If you find managing multiple clients with multiple deadlines tricky in calendar apps, try a project management tool such as Trello.
Trello enables you to create different boards, lists, and cards so you can visually manage and plan multiple clients and projects. For example, you could have a board per client where you organize individual projects or a generic client board where you organize individual clients – whatever makes it easier to see where your work is coming from, when it’s due, and when to do it.
Tip: Trello also has some fancy AI features and automation rules that can streamline your work, giving you more time to manage your clients.
Whether you charge by the hour or the project, knowing exactly how much time projects take is crucial for ensuring you’re paid enough.
Harvest is a time tracking app that keeps track of the time spent working on different client projects – making it easier for you to invoice clients, monitor your productivity, and analyze who you spend the most time working for.
Techniques for managing multiple clients
Now you’re armed with the tools, let’s look at the techniques for better managing multiple clients.
1) Create a client quick-reference sheet
Different clients have different preferences, styles, and requirements. Save yourself the struggle of trying to remember them all by creating a quick-reference client sheet during the onboarding process.
This can contain mind setting information such as the mission statement, practical information such as payment processes, reusable information such as boilerplates, or good-to-know information such as preferred spellings. Create it and then refer to it as necessary to get your brain into gear.
2) Set expectations
Your clients may pay your bills but that doesn’t mean you can’t set some ground rules. Use your onboarding process to outline and agree to service levels, covering:
- Regularity of work
- Turnaround times
- Payment amount and process
- Review process/workflow
This is crucial for planning your workload, charging accordingly, and managing your client list. Sure, there will be times a client needs something urgently or a piece of ad-hoc work pops up, but an SLA allows you to properly plan your diary and ascertain whether you can take on that extra piece of work.
3) Diarize everything
When you’re managing multiple clients, it’s easy for certain tasks to fall aside. Social media posts, blogging, that four-day week, eating…just make sure it isn’t your diary.
In particular, diarizing client catch-up calls, invoicing, and your work makes both yours and your client’s life a lot easier. It also means you don’t miss deadlines for different projects or, importantly, getting paid.
Tip: Don’t be afraid to dedicate certain days to certain clients. This is particularly useful if your work differs substantially between clients, because it allows you to get and stay in the right frame of mind.
4) Be realistic
You only have so many hours in the day – be realistic with them.
If you’re struggling to manage clients ask yourself whether you’ve taken on too many. If you have, it’s time to either begin outsourcing work yourself, take on your own staff, or stop taking on additional work and clients.
5) Be human
And, the best tip: be human. Working as a freelancer allows you to work as a person rather than behind a corporate name. Use this to help manage your clients.

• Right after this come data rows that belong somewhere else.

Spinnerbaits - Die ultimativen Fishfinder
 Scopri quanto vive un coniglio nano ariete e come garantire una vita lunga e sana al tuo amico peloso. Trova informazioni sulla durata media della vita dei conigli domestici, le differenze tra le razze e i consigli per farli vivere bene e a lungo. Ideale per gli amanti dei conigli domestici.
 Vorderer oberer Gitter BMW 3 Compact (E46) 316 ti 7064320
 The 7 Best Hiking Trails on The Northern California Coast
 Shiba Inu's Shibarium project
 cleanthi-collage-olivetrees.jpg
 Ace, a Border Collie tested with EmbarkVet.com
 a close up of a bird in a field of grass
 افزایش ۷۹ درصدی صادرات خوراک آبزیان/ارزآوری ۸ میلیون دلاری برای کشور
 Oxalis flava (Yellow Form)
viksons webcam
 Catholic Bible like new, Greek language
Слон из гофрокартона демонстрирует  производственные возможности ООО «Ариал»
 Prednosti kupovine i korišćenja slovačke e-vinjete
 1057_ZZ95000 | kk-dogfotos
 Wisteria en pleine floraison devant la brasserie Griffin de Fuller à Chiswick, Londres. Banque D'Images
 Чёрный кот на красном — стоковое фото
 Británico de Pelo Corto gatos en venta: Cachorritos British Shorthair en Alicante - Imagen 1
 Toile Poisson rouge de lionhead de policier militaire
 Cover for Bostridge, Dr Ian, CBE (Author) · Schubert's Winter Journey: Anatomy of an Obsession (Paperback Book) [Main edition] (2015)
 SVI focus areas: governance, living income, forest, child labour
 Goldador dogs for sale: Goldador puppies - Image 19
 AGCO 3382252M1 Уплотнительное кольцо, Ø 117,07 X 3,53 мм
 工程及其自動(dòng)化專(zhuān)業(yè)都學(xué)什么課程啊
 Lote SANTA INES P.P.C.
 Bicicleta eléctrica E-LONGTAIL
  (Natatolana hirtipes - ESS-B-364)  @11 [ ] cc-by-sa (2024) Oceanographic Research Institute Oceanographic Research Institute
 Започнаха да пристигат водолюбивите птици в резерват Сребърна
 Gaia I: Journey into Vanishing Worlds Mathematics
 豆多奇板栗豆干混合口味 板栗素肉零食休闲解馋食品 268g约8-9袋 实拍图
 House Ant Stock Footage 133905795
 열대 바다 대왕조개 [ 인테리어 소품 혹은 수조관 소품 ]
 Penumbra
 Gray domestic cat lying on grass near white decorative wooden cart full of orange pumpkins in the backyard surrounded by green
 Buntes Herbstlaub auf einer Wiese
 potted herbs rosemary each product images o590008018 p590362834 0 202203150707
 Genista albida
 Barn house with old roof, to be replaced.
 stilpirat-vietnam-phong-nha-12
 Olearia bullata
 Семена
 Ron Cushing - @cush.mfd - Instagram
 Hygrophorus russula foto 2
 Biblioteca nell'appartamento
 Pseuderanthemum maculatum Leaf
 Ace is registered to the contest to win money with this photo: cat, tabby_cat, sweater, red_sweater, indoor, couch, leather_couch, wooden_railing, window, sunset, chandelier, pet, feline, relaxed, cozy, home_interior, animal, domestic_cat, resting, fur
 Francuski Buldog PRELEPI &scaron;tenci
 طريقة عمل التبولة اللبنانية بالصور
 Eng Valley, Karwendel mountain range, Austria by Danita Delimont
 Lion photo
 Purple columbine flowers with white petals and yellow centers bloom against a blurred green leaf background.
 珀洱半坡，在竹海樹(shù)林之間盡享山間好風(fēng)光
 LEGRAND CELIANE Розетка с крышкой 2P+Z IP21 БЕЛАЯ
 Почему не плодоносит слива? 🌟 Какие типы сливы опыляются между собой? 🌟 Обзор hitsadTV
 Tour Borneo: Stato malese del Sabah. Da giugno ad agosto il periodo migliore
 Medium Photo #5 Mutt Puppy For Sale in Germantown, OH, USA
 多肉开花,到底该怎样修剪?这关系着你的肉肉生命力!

Create a personal connection with your clients, where you communicate with them openly and they do the same with you. If you’re having difficulties meeting a deadline or you need to shuffle a few tasks around, tell them – and if they have an urgent piece of work or need to move a deadline, be open to it.
Oh, and don’t forget that humans need a break too. Use these tips to earn, schedule, and go on that holiday or weekend away you’ve been dreaming of – don’t forget to send a postcard!
Wrapping up the freelancer guide to multiple clients
When working with multiple clients, the dream of a four-day week can quickly spill beyond the weekend and into your vacation time. But it doesn’t have to be that way. By observing several simple techniques and watching out for common pitfalls, you can reap the benefits of a diversified workload.